── INPUT FOR THIS TASK
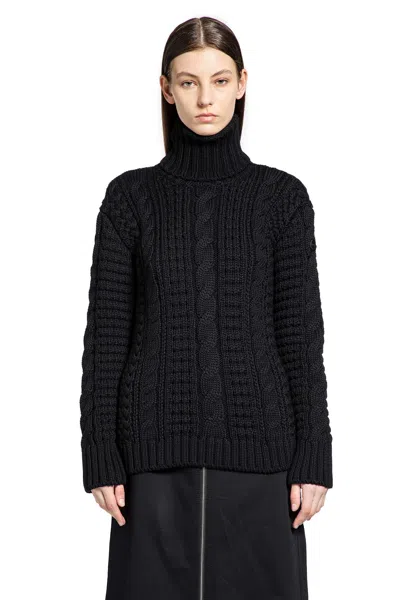 MONCLER GENIUS EE72 COLLABORATION WOOL TURTLENECK SWEATER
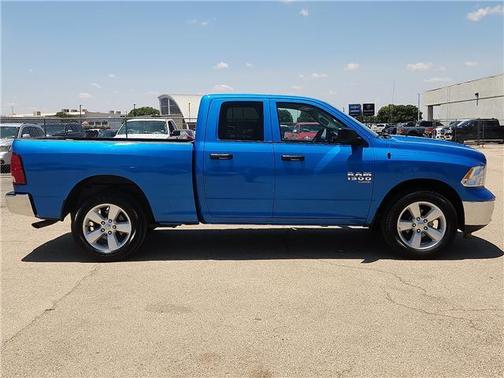 Blue 2024 RAM 1500 Classic SLT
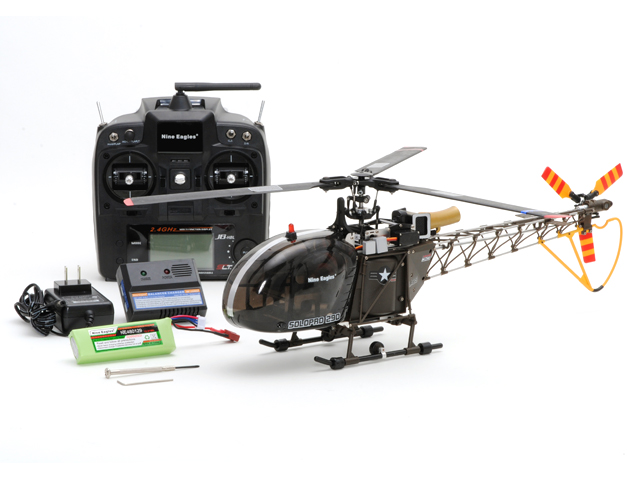 2.4GHz 6ch 小型電動ヘリコプター SOLO PRO 290 LA315  [ソロ・プロ290 LA315]
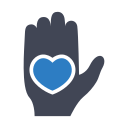 Hand icon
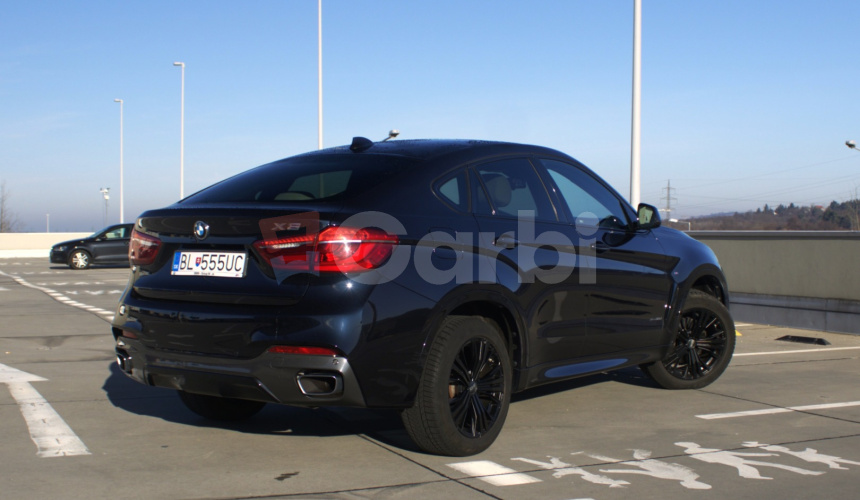 BMW X6 xDrive30d, 190kw, AT8, M-paket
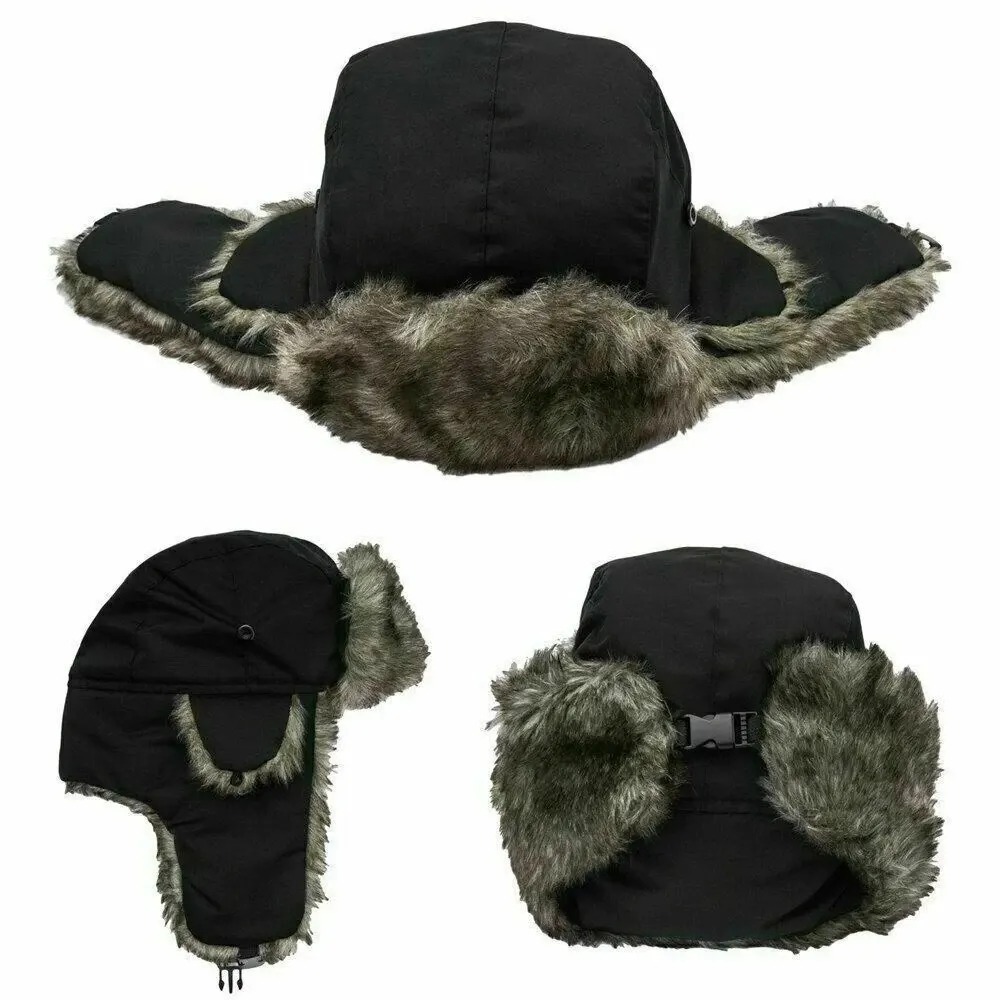 Men's Winter Trapper Aviator T - Trapper Hat Ear Flap 评论和价格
────
| ACTIVITY |
Each entry is to be returned as it stands, and each picture is to be left out.

| FINISHED EXERCISE |
 MONCLER GENIUS EE72 COLLABORATION WOOL TURTLENECK SWEATER
 Blue 2024 RAM 1500 Classic SLT
 2.4GHz 6ch 小型電動ヘリコプター SOLO PRO 290 LA315  [ソロ・プロ290 LA315]
 Hand icon
 BMW X6 xDrive30d, 190kw, AT8, M-paket
 Men's Winter Trapper Aviator T - Trapper Hat Ear Flap 评论和价格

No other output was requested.